[cfe-dev] [RFC] add Function Attribute to disable optimization

Mon Jun 17 17:23:48 PDT 2013

On Mon, Jun 17, 2013 at 7:19 PM, Joshua Cranmer 🐧 <Pidgeot18 at gmail.com> wrote:
> On 6/17/2013 5:32 PM, Jeffrey Walton wrote:
>>
>> On Mon, Jun 17, 2013 at 6:23 PM, Sean Silva <silvas at purdue.edu> wrote:
>>>
>>> On Mon, Jun 17, 2013 at 10:29 AM, Jeffrey Walton <noloader at gmail.com>
>>> wrote:
>>>>
>>>> First is to ensure dead-writes are not removed. For example, a
>>>> function that zeroizes or wipes memory is subject to removal during
>>>> optimization. I often have to look at program's disassembly to ensure
>>>> the memset is not removed by the optimizer.
>>>
>>> Appropriate use of `volatile` is probably sufficient for this use case.
>>
>> That brings up a good point.

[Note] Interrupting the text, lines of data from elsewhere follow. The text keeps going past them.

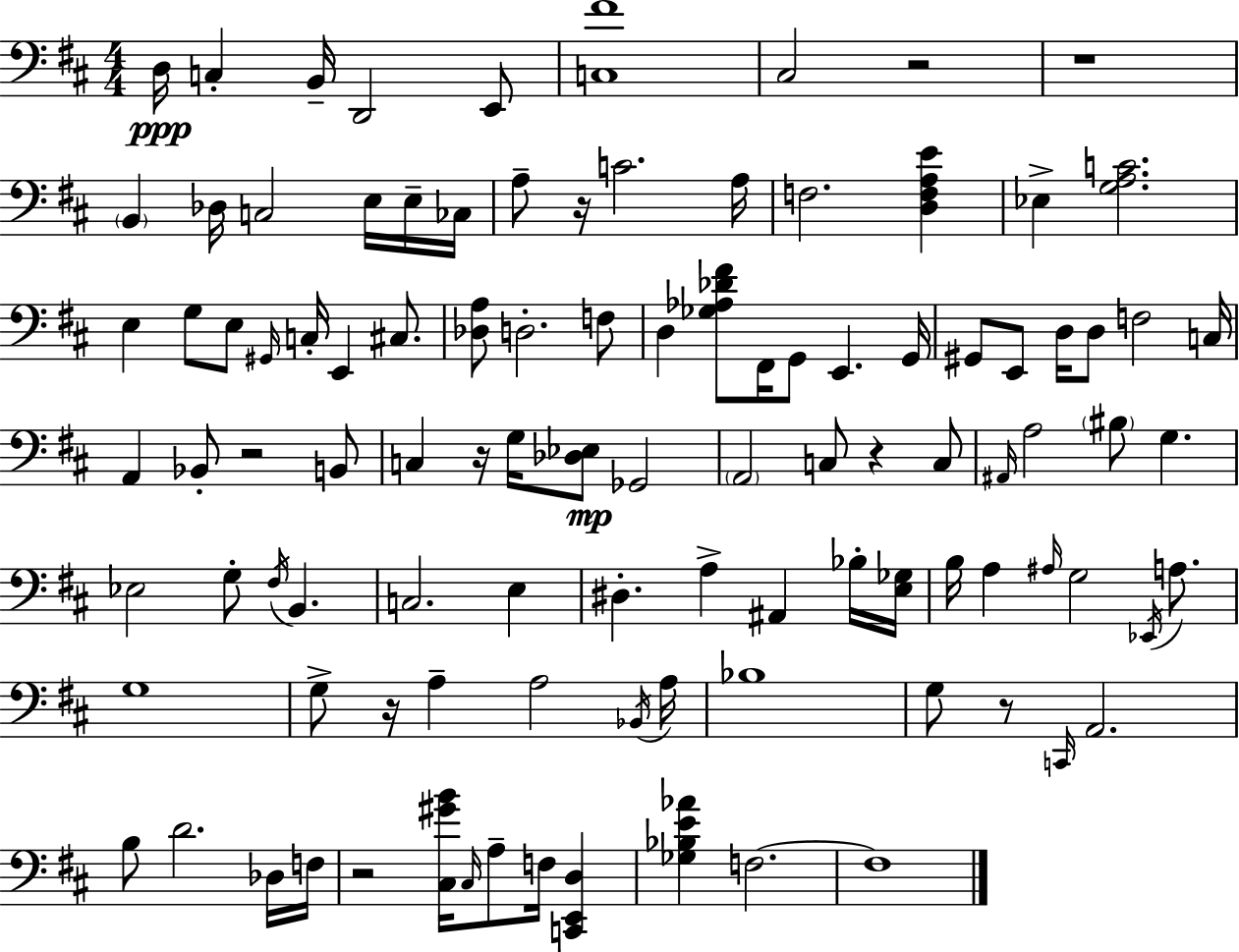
X:1
T:Untitled
M:4/4
L:1/4
K:D
D,/4 C, B,,/4 D,,2 E,,/2 [C,^F]4 ^C,2 z2 z4 B,, _D,/4 C,2 E,/4 E,/4 _C,/4 A,/2 z/4 C2 A,/4 F,2 [D,F,A,E] _E, [G,A,C]2 E, G,/2 E,/2 ^G,,/4 C,/4 E,, ^C,/2 [_D,A,]/2 D,2 F,/2 D, [_G,_A,_D^F]/2 ^F,,/4 G,,/2 E,, G,,/4 ^G,,/2 E,,/2 D,/4 D,/2 F,2 C,/4 A,, _B,,/2 z2 B,,/2 C, z/4 G,/4 [_D,_E,]/2 _G,,2 A,,2 C,/2 z C,/2 ^A,,/4 A,2 ^B,/2 G, _E,2 G,/2 ^F,/4 B,, C,2 E, ^D, A, ^A,, _B,/4 [E,_G,]/4 B,/4 A, ^A,/4 G,2 _E,,/4 A,/2 G,4 G,/2 z/4 A, A,2 _B,,/4 A,/4 _B,4 G,/2 z/2 C,,/4 A,,2 B,/2 D2 _D,/4 F,/4 z2 [^C,^GB]/4 ^C,/4 A,/2 F,/4 [C,,E,,D,] [_G,_B,E_A] F,2 F,4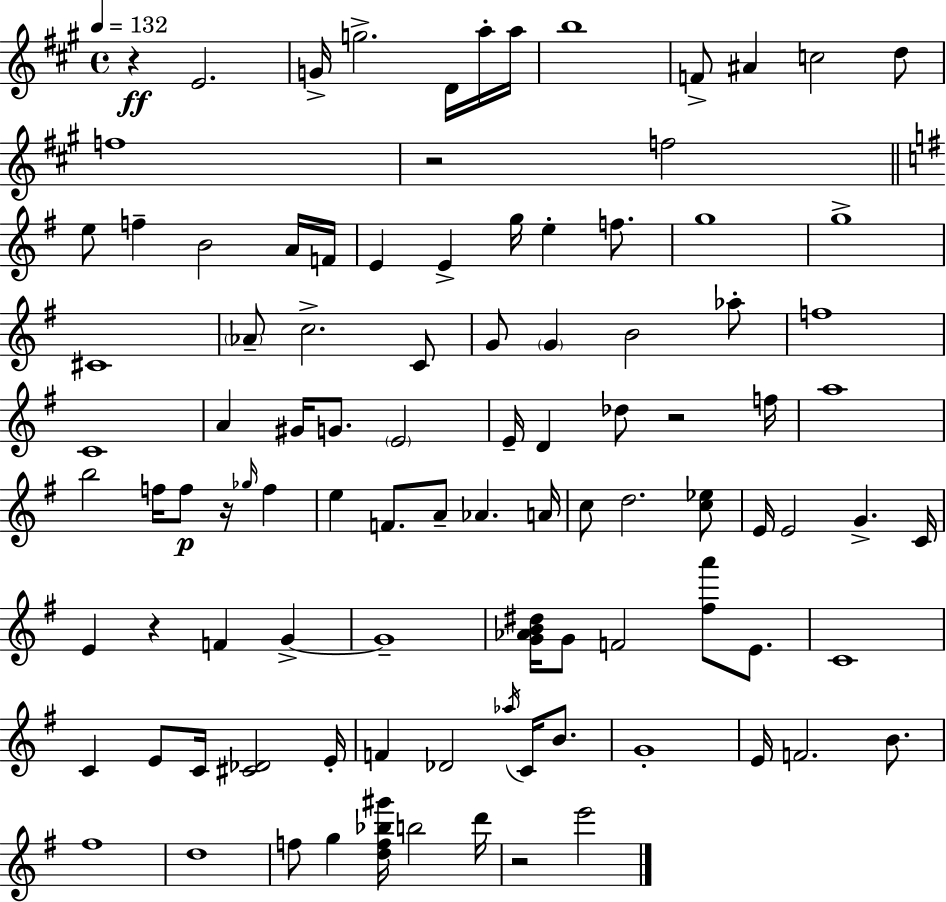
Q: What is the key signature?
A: A major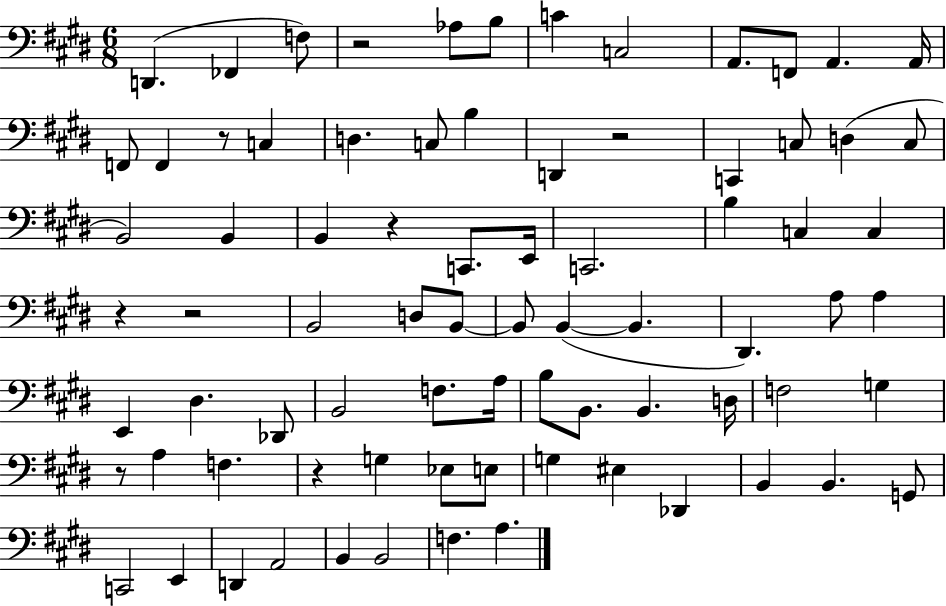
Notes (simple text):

D2/q. FES2/q F3/e R/h Ab3/e B3/e C4/q C3/h A2/e. F2/e A2/q. A2/s F2/e F2/q R/e C3/q D3/q. C3/e B3/q D2/q R/h C2/q C3/e D3/q C3/e B2/h B2/q B2/q R/q C2/e. E2/s C2/h. B3/q C3/q C3/q R/q R/h B2/h D3/e B2/e B2/e B2/q B2/q. D#2/q. A3/e A3/q E2/q D#3/q. Db2/e B2/h F3/e. A3/s B3/e B2/e. B2/q. D3/s F3/h G3/q R/e A3/q F3/q. R/q G3/q Eb3/e E3/e G3/q EIS3/q Db2/q B2/q B2/q. G2/e C2/h E2/q D2/q A2/h B2/q B2/h F3/q. A3/q.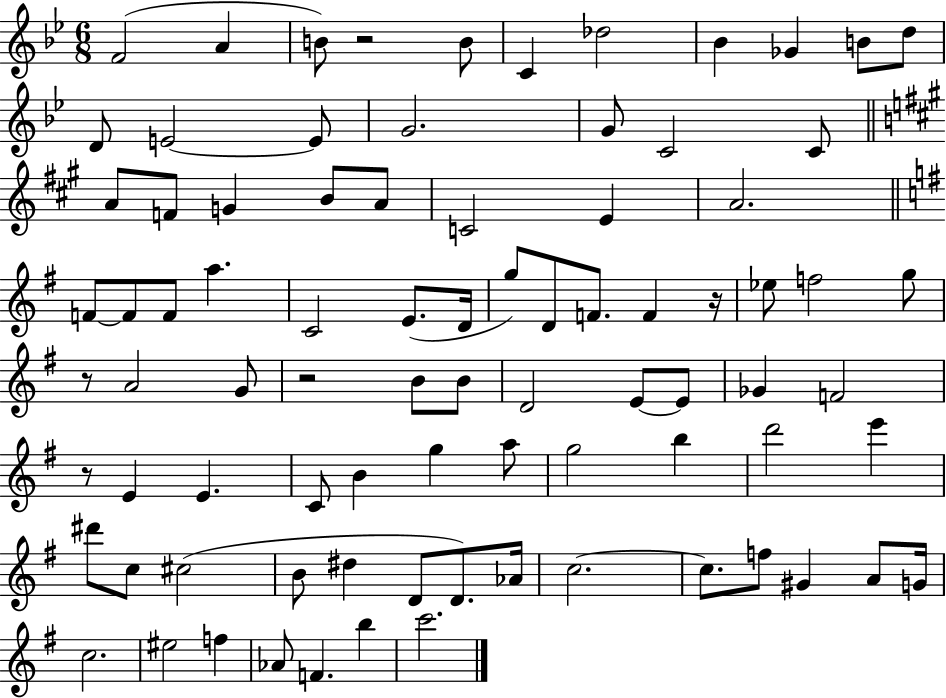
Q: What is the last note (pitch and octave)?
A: C6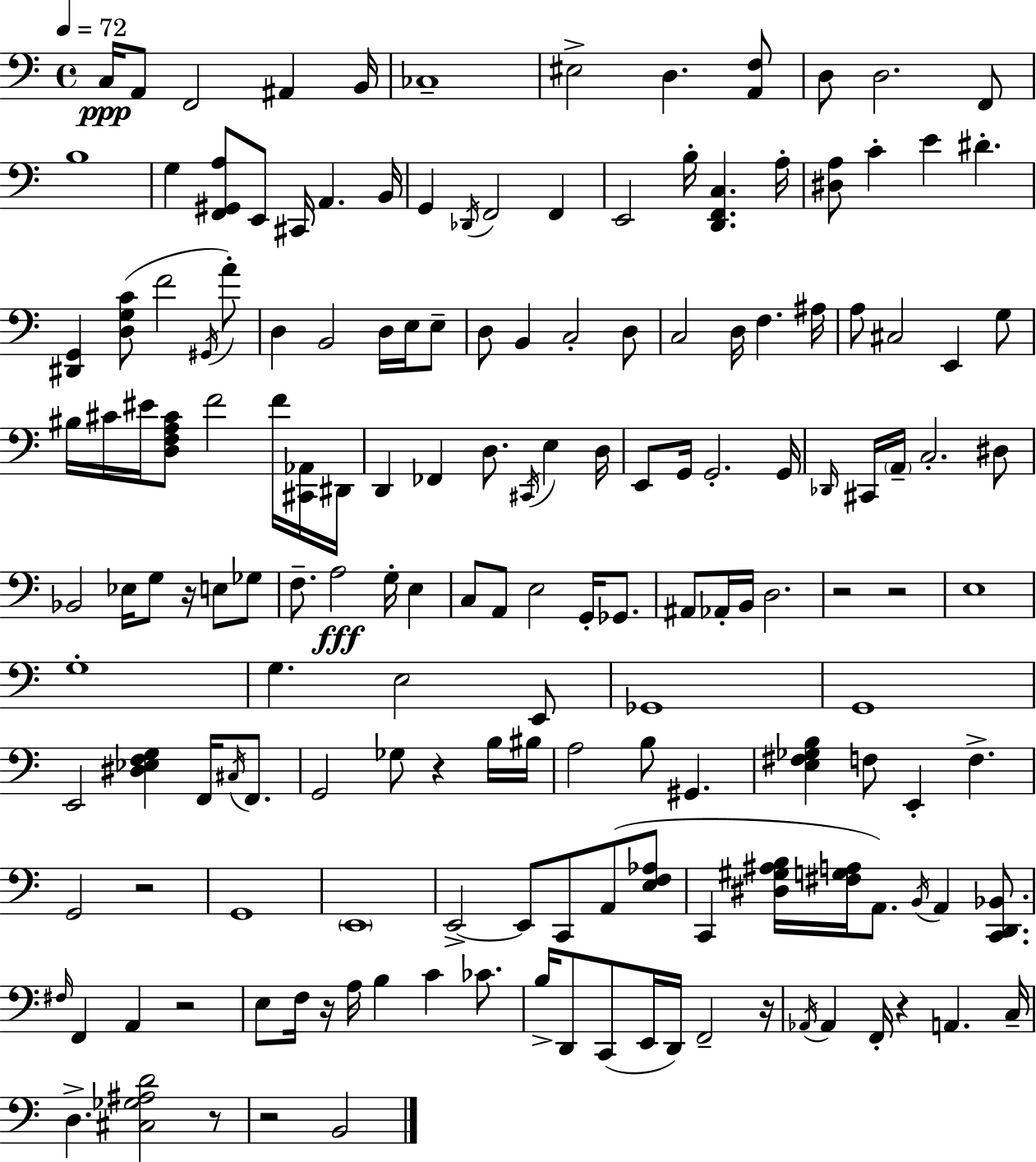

As I understand it, volatile is
>> essentially implementation defined. What is Clang/LLVM's
>> interpretation?
>
> Volatile has an explicit definition in C99/C11/C++03/C++11, and it's roughly
> the same in all of them. Volatile objects "may be modified in ways unknown
> to the
> implementation or have other unknown side effects" (to quote C99), and the
> implementation must therefore preserve the accesses and their order even
> when optimizing.
OK, thanks. I must have been quoted something else on another list.
I'll try and locate the email.

>> Here's what I know. Microsoft's interpretation allows me to use
>> volatile for the situation under MSVC++ [1]. GCC's interpretation of
>> volatile is for memory mapped hardware, so it does not allow me to use
>> the qualifier to tame the optimizer [2].
>
> Microsoft decided that they wanted to add additional semantics to volatile
> to make it enforce load/store barriers for multithreaded code. Since C11 and
> C++11 added explicit support for multithreaded atomic operations and memory
> models, those extra semantics are unnecessary; with the introduction of a
> processor with a relaxed memory model, it's also undesirable.
Microsoft was not the problem - it was GCC since the only use of
volatile is memory mapped hardware.

> For as vague as your description is, volatile appears to be sufficient for
> your use case (it's incorrect with respect to multithreaded memory
> visibility issues, but it's no less correct than not optimizing the code).
Here was the sample I asked about some time ago. It was from a slide
deck at [1].

volatile void clean_memory(volatile void* dest, size_t len)
{
    volatile unsigned char* p;
    for(p = (volatile unsigned char*)dest; len; dest[--len] = 0)
      ;;
}

Because the pointers above ('dest' and `p`) were not memory mapped
addresses, the GCC folks consider it an abuse. The same is true for
this too:

static volatile void* g_dummy;

static void clean_memory(volatile void* dest, size_t len) {
    memset(dest, 0x00, len);
    g_dummy = dest;
}

Again, the GCC folks consider it an abuse since the memory is not
mapped from hardware.

Jeff

[1] http://www.slideshare.net/guanzhi/crypto-with-openssl